Let $f_{1},f_{2},\ldots,f_{r}$ be a sequence of independently randomized functions, i.e., for every $1\leq i\leq r$ , and every $x\in\mathbb{R}$ , $f_{i}(x)$ is a random variable. Suppose that, for every $i=1,\ldots,r$ , there exists $a_{i}\in\mathbb{R}$ such that $\mathbf{E}\left[f_{i}(x)\right]\leq a_{i}x$ for all $x\in\mathbb{R}$ . Then $\mathbf{E}\left[f_{r}\circ\cdots\circ f_{1}(x)\right]\leq\big(\prod_{i=1}^{r}a% _{i}\big)x$ . Similarly, if, for every $1\leq i\leq r$ , $\mathbf{E}\left[f_{i}(x)\right]\geq a_{i}x$ for all $x\in\mathbb{R}$ , then $\mathbf{E}\left[f_{r}\circ\cdots\circ f_{1}(x)\right]\geq\big(\prod_{i=1}^{r}a% _{i}\big)x$ .

Theorem 6.

The expected discrepancy of a $r$ -round recursive algorithm is at most $q^{r}$ if $p\geq 1/2$ by using AMP, and at most $\left({p^{2}+q^{2}}\right)^{r}$ if $p<1/2$ by using FV.

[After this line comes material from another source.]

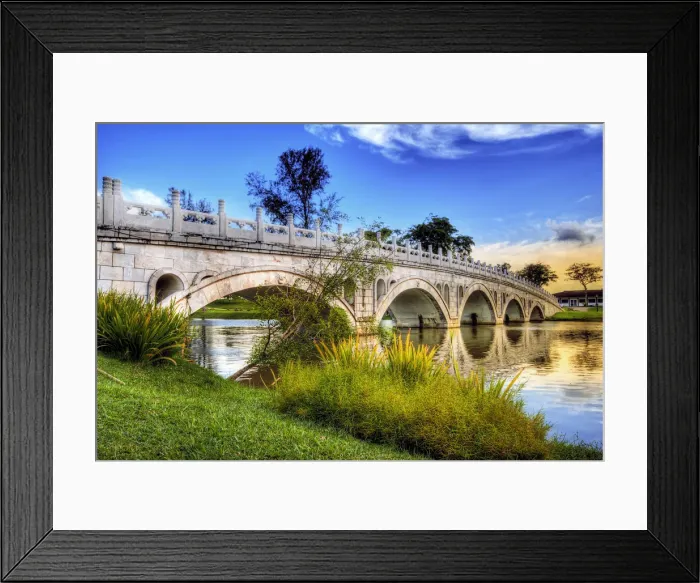 Framed Print : The White Rainbow 13-Arch Bridge (Bai Hong Qiao) in Singapore Chinese Garden, Singapore Framed Print : The White Rainbow 13-Arch Bridge (Bai Hong Qiao) in Singapore Chinese Garden, Singapore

The result in Theorem 6 is illustrated in Figure 3(3(b)).

(a) The expected discrepancy of the 1-round algorithms as a function of

p

. The solid line is for the FV rule, and the dashed line is for the AMP rule

(b) The expected discrepancy of recursively applying the optimal 1-round algorithm for 1 round (blue), 2 rounds (orange) and 4 rounds (green) as a function of

p

Figure 3: The expected discrepancy of the optimal algorithm.

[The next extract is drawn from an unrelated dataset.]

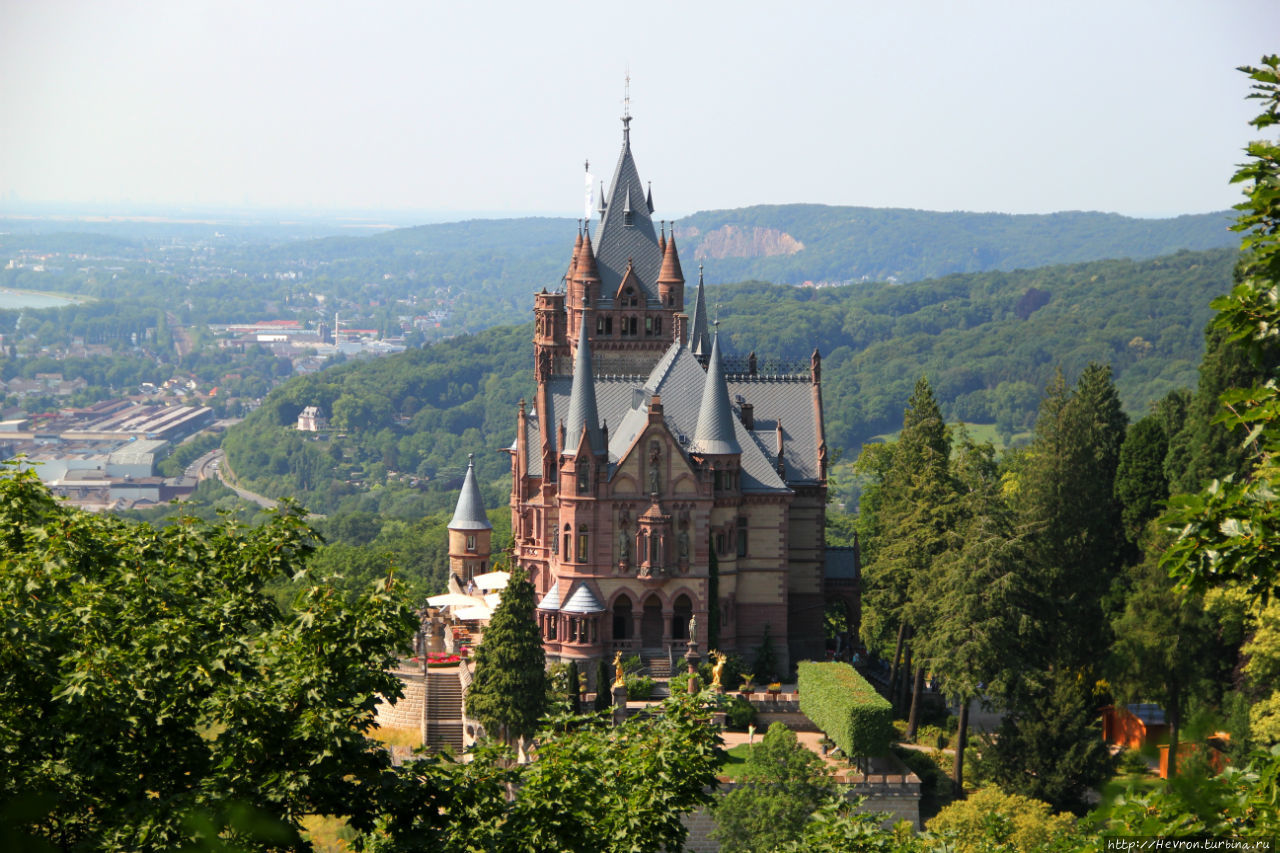 Замок Драхенбург Кёнигсвинтер, Германия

A recursive algorithm for the case where it is assumed that at least one message is delivered in each round can be derived in a similar way, from Theorem 4 and Lemma 5.

Theorem 7.

The expected discrepancy of a $r$ -round recursive algorithm conditioned on the event that at least one message is delivered at each round is at most $\left(\frac{pq}{1-q^{2}}\right)^{r}$ if $p\geq 1/2$ by using AMP, and at most $\left(p^{2}/(1-q^{2})\right)^{r}$ if $p<1/2$ by using FV. Thus, the expected discrepancy is at most $1/3^{r}$ for any value of $p$ .

4 Lower Bound

In this section, we show that the simple two player algorithms consisting of recursively applying AMP or FV as defined in the previous section have the best possible expected discrepancy.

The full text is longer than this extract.